During the less than six months of preparing for our wedding day, we were busy with all the details of our big day. The guest list, dresses, colors, food, and the ceremony took center stage in our conversations. Our focus was on the day, not on what happens after our wedding day.
Our wonderful priest that was performing the ceremony kept us grounded during the entire process. During our meeting, he was preparing us for the life that we were going to live together. He could dig deep into our relationship to get us talking about things we have never discussed. We thought we talked about everything in the 5 1/2 years we were dating. Not even close.
One thing we talked about extensively was that no matter what happened in our lives together, divorce would not be an option. That became a hard rule for us. We talked about different scenarios and asked each other if a divorce was an option. Nope, divorce is not an option. We will do whatever it takes to keep this marriage intact until death we do part.
Now, in the conversations we had, there was only one thing that would separate us through a divorce. That one thing would be if we abused the other or our life was at stake. In all other instances, we would do our very best and work hard towards getting the help we need for each other so we can stay together for life. Here are some ways you can fight for your marriage:
- Talk to your priest or religious leader. He/She is invested to see that the two of you love each other in how Jesus loves each of us. Unconditional love.
- Talk to a marriage counselor. Having someone who is trained to counsel married couples can help the two of you to see things differently.

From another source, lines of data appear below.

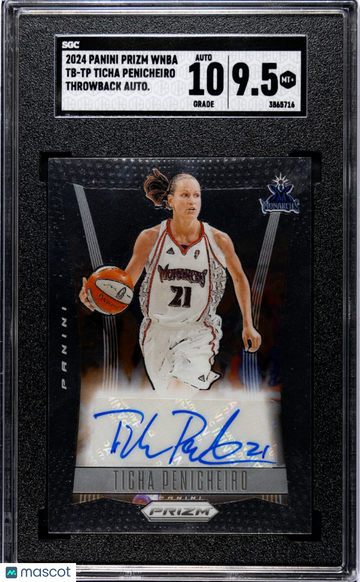 2024 Panini Prizm Wnba Ticha Penicheiro #TB-TP Throwback Autograph SGC 9.5 Auto 10
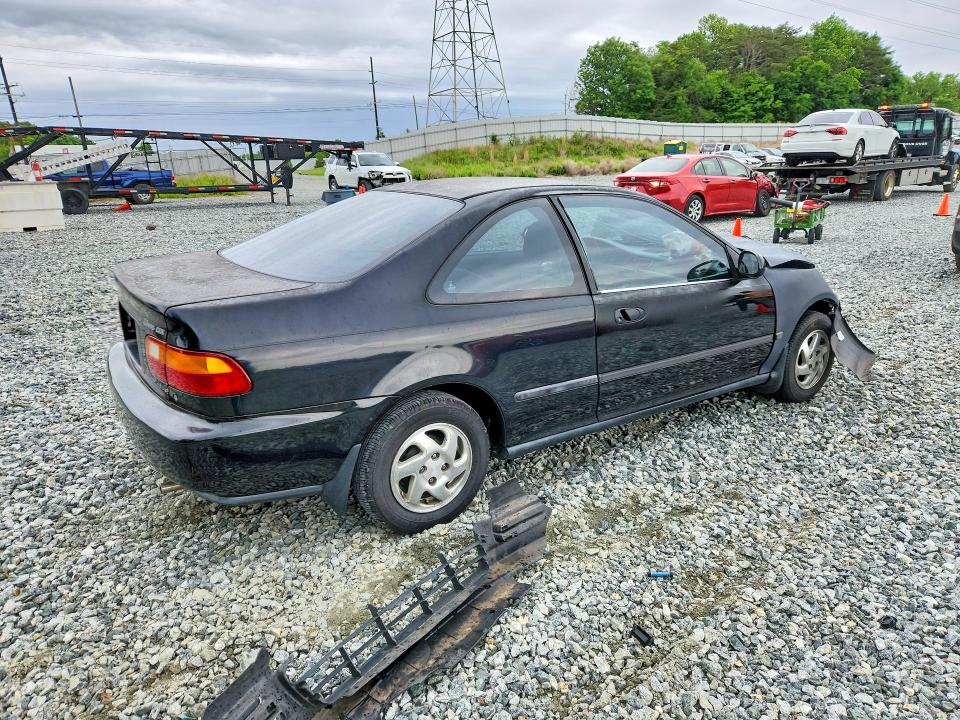 1994 Honda Civic VIN 1HGEJ2123RL000649 COPART salvage auction — FRONT END, Nc - Salvage Certificate Of Title, sold $500 on 2026-07-29 (photo 3)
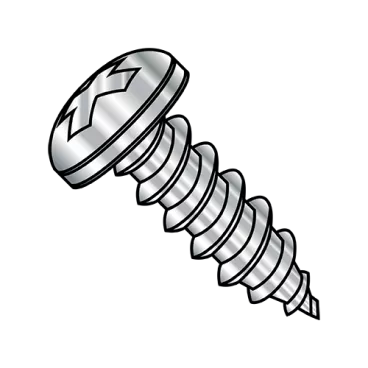6-20X5/16  Phillips Pan Self Tapping Screw Type AB Fully Threaded 316 Stainless Steel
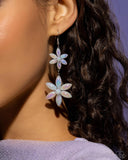 Pearl Posy - White Earrings - Paparazzi Accessories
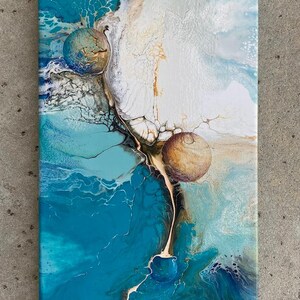 Original Abstract Acrylic Painting on Canvas: Vibrant Wall Art, Gift for Art Lovers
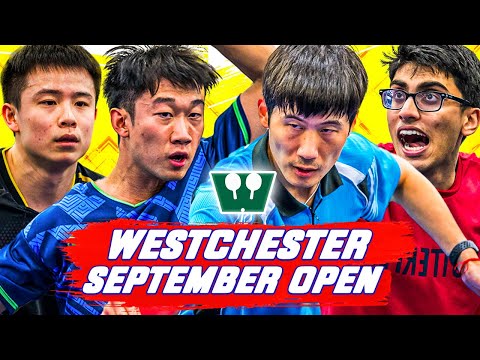 Westchester Table Tennis Center September Open Highlights! FT Jian Li, Kai Zhang, Yiran Wu. 4K HD!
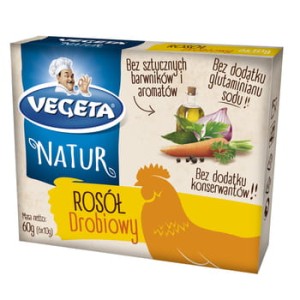 Rosół drobiowy Vegeta Natur Podravka 60 g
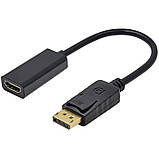 Перехідник DisplayPort на HDMI Адаптер Дисплейпорт, фото 8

- Talk to each other. It is good to get things out in the open to see things through your spouse’s eyes. If things get heated, table the discussion for another time when things have cooled off. I will post about fighting fairly in the future.
- Do not bring your problems to family or friends. What your marriage is going through should be just between the two of you. Family and friends might give you terrible advice that pulls you away from each other instead of pulling you back together.
- Pray about it. Bring your concerns and issues to God. He is there to help guide you and your spouse to a love that is beautiful, forgiving, and loving. Married love is the closest thing we have to heavenly love on Earth.
Make time to have a conversation with your spouse about what the two of you can do to make sure that divorce is not an option in your marriage. What are some things you would do to fight for your marriage? Have those support systems in place if things get rocky in your marriage.
If you are in an abusive relationship, please seek help in any way that you can. Talk to anyone who will listen.